Curve Finance, behind the popular altcoin CRV, has warned its users of an exploit on its site. The team behind the protocol drew attention to what appears to be an attack by a malicious actor. He noted that the attack affected the name server and frontend of the service. In addition, Binance CEO Changpeng Zhao also shared some explanations about the situation. Here are the details…
“Abuse” warning for popular altcoin
Automated market maker Curve has faced an exploit on its website. He stated on Twitter that his exchange, which is a separate product, was not affected by the attack because it used a different domain name system (DNS) provider. However, the issue was quickly dealt with by the team. An hour after the initial alert, Curve said it had both found and fixed the problem. It prompted users who had confirmed any contracts on Curve in the past few hours to “immediately” cancel.
Alert to all @CurveFinance users, their frontend has been compromised!
Do not interact with it until further notice!

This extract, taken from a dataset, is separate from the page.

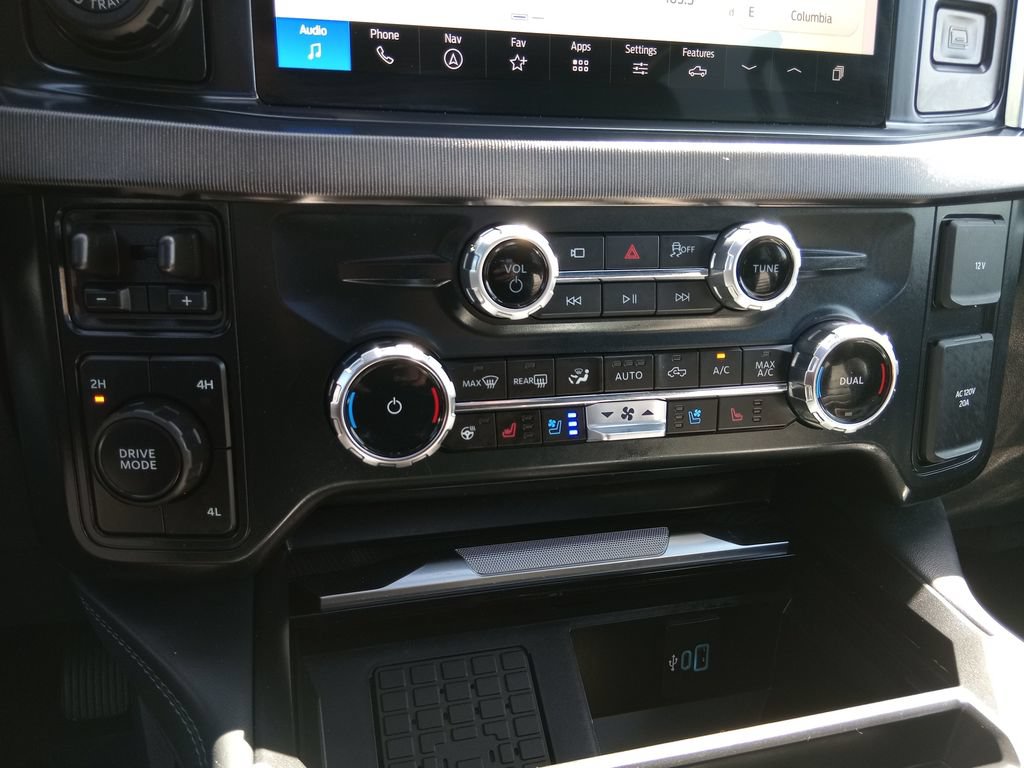 Certified 2025 Ford F350 Platinum AWD/4WD image 21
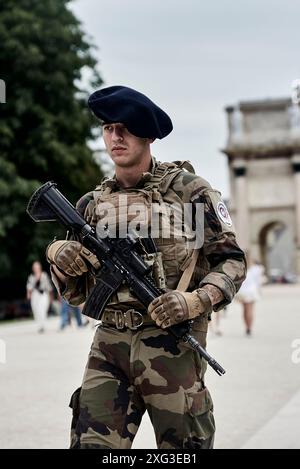 Paris, France. 05 juillet 2024. Antonin Burat/le Pictorium - opération Sentinelle patrouille dans les rues de Paris en prévision des Jeux Olympiques - 05/07/2024 - France/Paris - opération Sentinelle soldats patrouillant dans les rues de Paris en prévision des Jeux Olympiques et Paralympiques de 2024. Crédit : LE PICTORIUM/Alamy Live News Banque D'Images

It appears around $570k stolen so far 🙄#defi #crypto $crv
— Assure DeFi (@AssureDefi) August 9, 2022
Most likely, the DNS server provider Iwantmyname has been hacked, Curve noted. He added that he later changed the nameserver. A name server works like a directory that translates domain names into IP addresses. As the exploit continued, Twitter user LefterisJP speculated that the alleged attacker used DNS spoofing to execute the exploit on the service. Other participants in the DeFi space quickly took to Twitter to spread the warning. Some, including Changpeng Zhao, stated that the thief stole more than $573,000.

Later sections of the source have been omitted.